SDXL Fine-Tuning on Lepton

Lepton jobs are designed for the efficient execution of long-running tasks, making it ideal for handling processes like model fine-tuning. In this guide, we'll walk you through using Lepton's job to streamline SDXL fine-tuning, improving team productivity and workflow. Let's dive in!

Step 1: Preparing an Output Directory for Fine-Tuning

To begin, create a folder within your Lepton workspace to store the fine-tuning results. You will later mount this folder as the output directory when configuring the fine-tuning job.
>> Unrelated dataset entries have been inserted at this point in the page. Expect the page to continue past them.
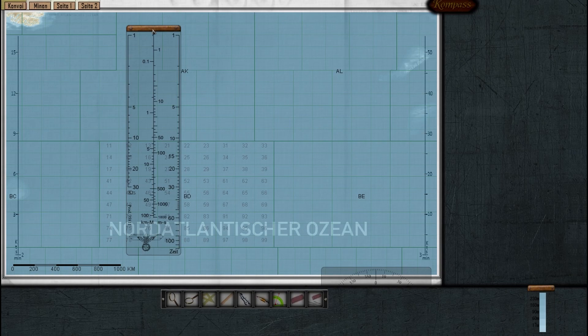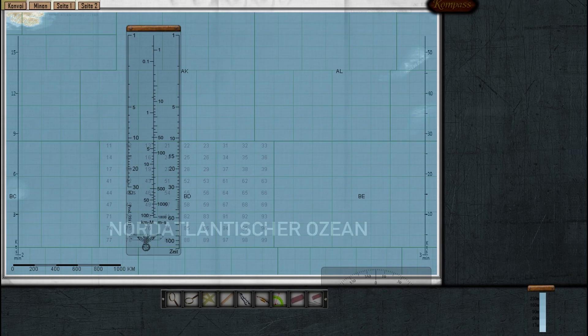The Nomograph is a very simple tool you can use to calculate unknown values when you already know other values. For example, if you know the distance a target travelled for a given amount of time, you can calculate his speed. Or if you know his speed, you can calculate how much distance he'll be able to cover in a specific amount of time. The Nomograph is not magic — it won't conjure numbers out of thin air. You need to already know two values to attain the third.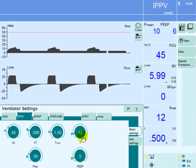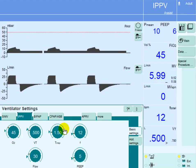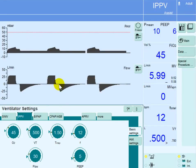The trigger here is time, which is set at five seconds. The inspiratory time is set at 1.5 seconds, indicating that the whole inspiratory time will be 1.5 seconds.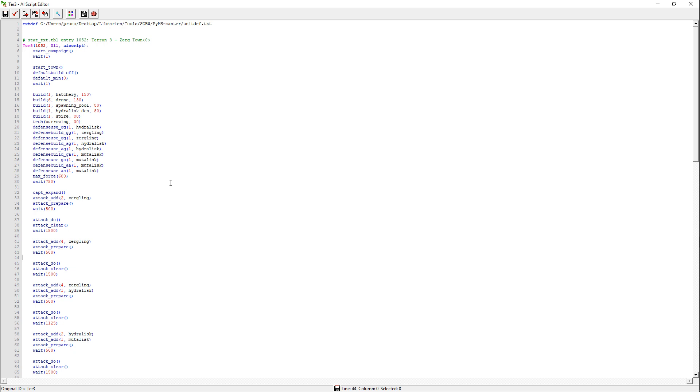But the problem is, unlike some of the other elements of the modding tutorials I have produced in the past, AI scripts are not something that you can watch one video on or a series of videos on, and then know everything there is to know about. Okay, now I know. You need experience writing them.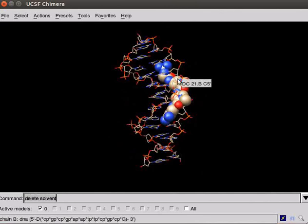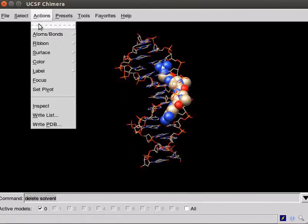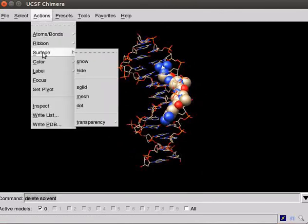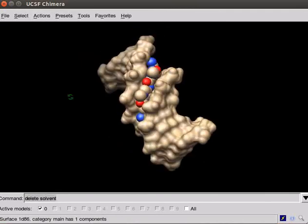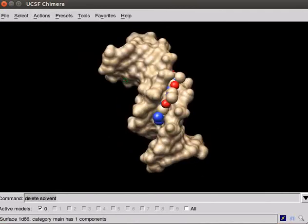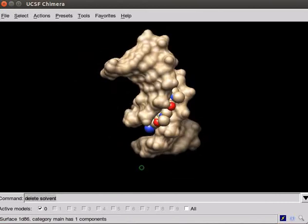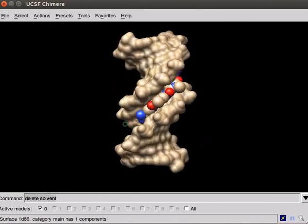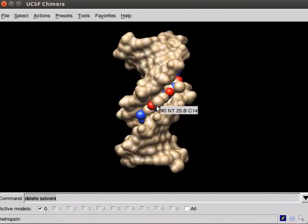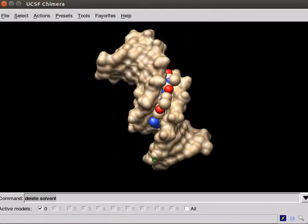To show the surface for this structure, scroll down the Actions menu. Select Surface. From the submenu, select Show. Observe the panel. The DNA structure is now displayed with the surface. Major groove and minor groove are clearly seen in this picture. The ligand Netropsin is seen bound in the minor groove.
Go to your workspace storage page.
In the action bar, click New Folder, and name it to reflect your task. For this example, it can be sdxl-finetune.

Step 2: Configuring Your Job

Navigate to the Create Batch Job page.
Name your job, such as sdxl-finetune-job, and choose a resource type suitable for your task. For SDXL fine-tuning, we’ll select H100 as we’ll be using an H100 GPU.
Head over to Advanced Settings. In the File system mount section, click on Add file system mount button, select Mount from as the folder name you just created(sdxl-finetune for this example), and for Mount as, input /workspace/sdxl-finetune. This ensures that the fine-tuned model will be stored in the correct directory.

Step 3: Specifying the Fine-Tuning Command

In the Run Command section, define the fine-tuning command, ensuring that the output_dir is set to /workspace/sdxl-finetune to match the directory you mounted earlier. Here’s an example command for fine-tuning the SDXL model, where the output_dir is configured correctly:

# Clone the diffusers repository and install the required packages
git clone https://github.com/huggingface/diffusers
cd diffusers
pip install -e .

# Use text-to-image example for fine-tuning
cd examples/text_to_image/
pip install -r requirements_sdxl.txt
pip install bitsandbytes
pip install torch==2.4.1 torchvision==0.19.1 -f https://download.pytorch.org/whl/torch_stable.html

export MODEL_NAME="stabilityai/stable-diffusion-xl-base-1.0"
export VAE_NAME="madebyollin/sdxl-vae-fp16-fix"
export DATASET_NAME="lambdalabs/naruto-blip-captions"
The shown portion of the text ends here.